### What you are asked to do
As an exercise, transcribe the data below in full and exactly, omitting pictures.
═══ Available data
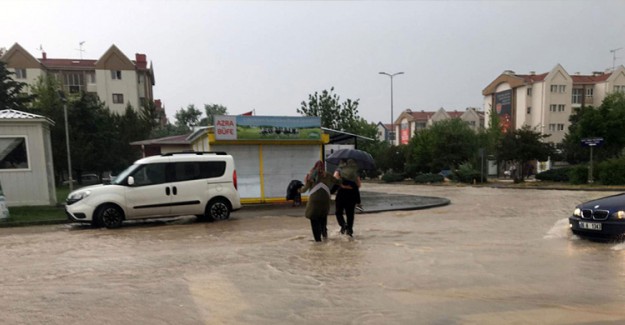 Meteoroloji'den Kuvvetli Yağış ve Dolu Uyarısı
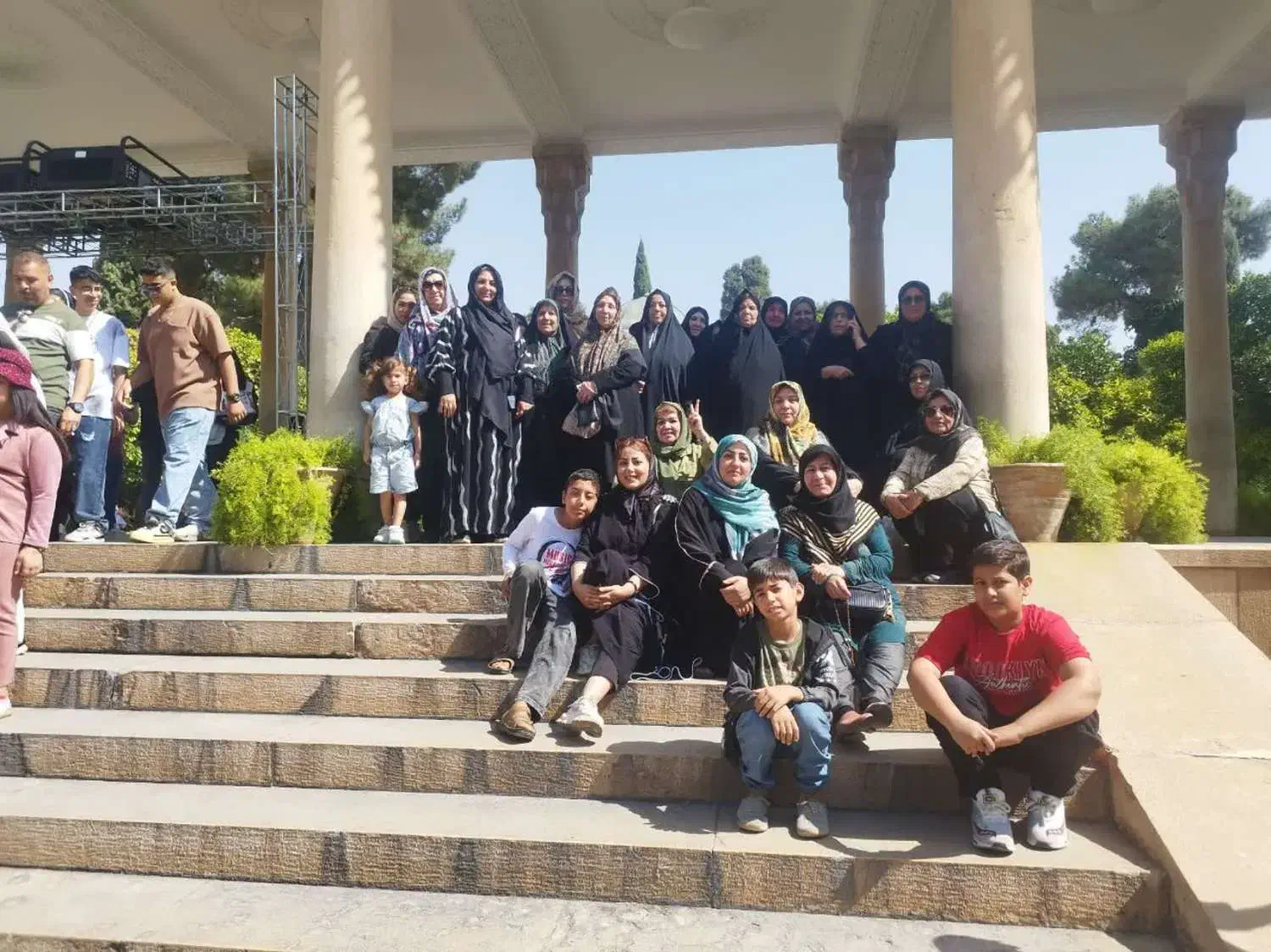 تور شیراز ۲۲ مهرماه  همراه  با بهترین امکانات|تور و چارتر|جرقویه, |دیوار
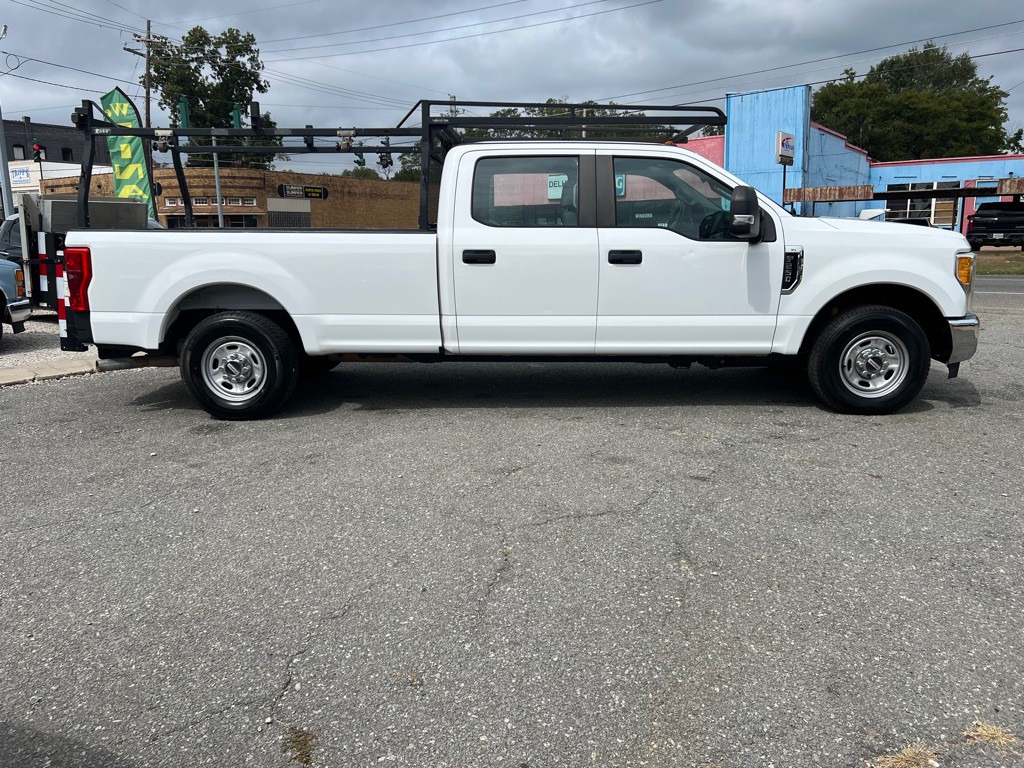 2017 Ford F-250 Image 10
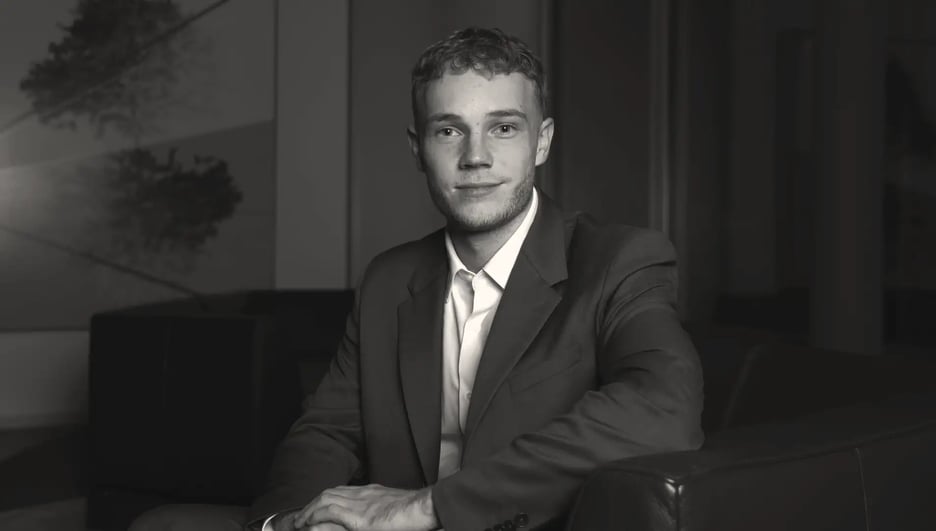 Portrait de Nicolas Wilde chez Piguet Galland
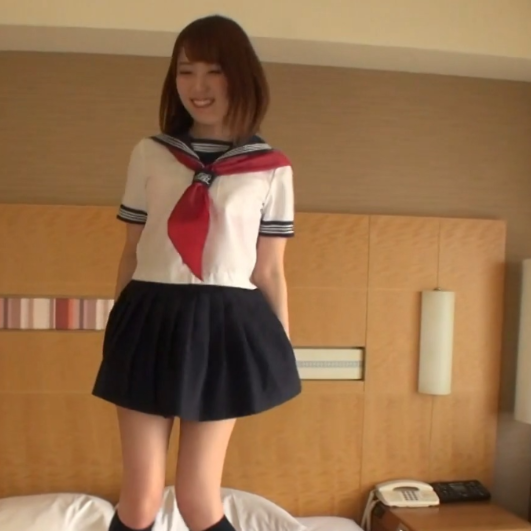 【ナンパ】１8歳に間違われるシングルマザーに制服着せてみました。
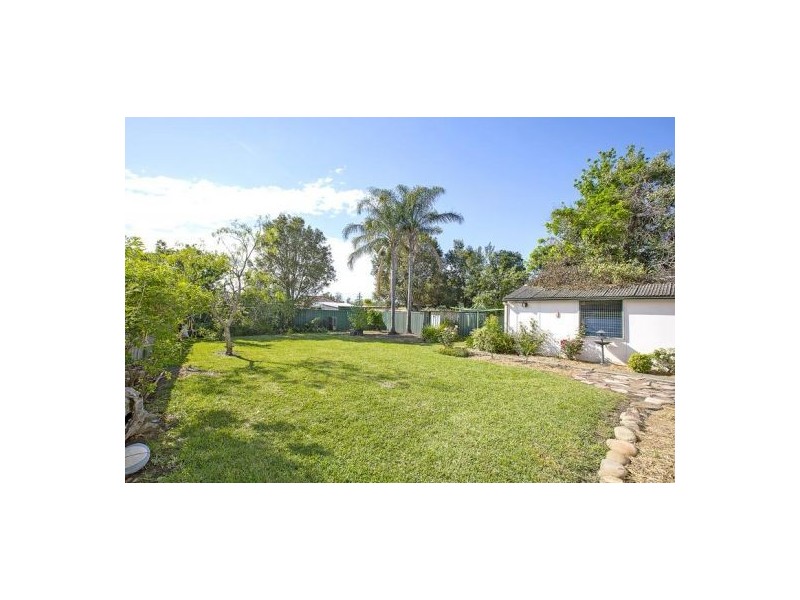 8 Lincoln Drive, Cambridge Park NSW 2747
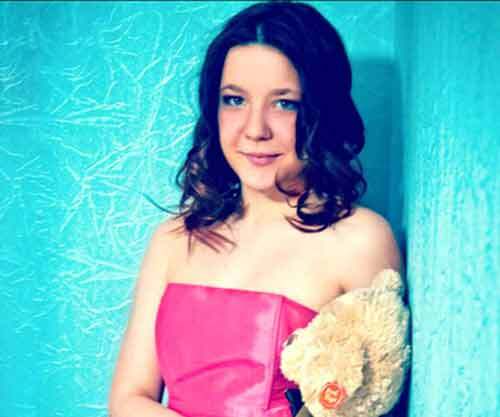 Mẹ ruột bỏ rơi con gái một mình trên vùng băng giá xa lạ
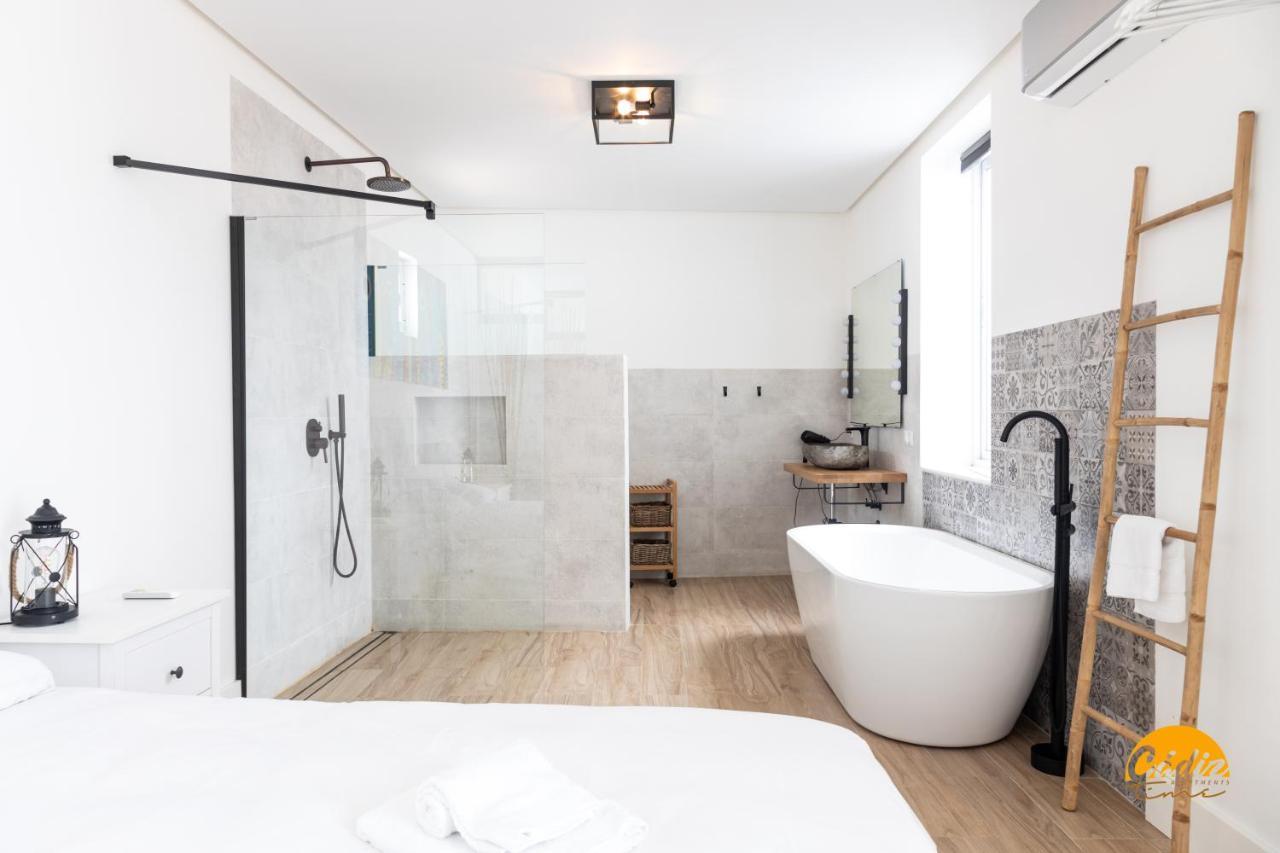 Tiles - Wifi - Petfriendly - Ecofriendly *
══════
### Exercise output
 Meteoroloji'den Kuvvetli Yağış ve Dolu Uyarısı
 تور شیراز ۲۲ مهرماه  همراه  با بهترین امکانات|تور و چارتر|جرقویه, |دیوار
 2017 Ford F-250 Image 10
 Portrait de Nicolas Wilde chez Piguet Galland
 【ナンパ】１8歳に間違われるシングルマザーに制服着せてみました。
 8 Lincoln Drive, Cambridge Park NSW 2747
 Mẹ ruột bỏ rơi con gái một mình trên vùng băng giá xa lạ
 Tiles - Wifi - Petfriendly - Ecofriendly *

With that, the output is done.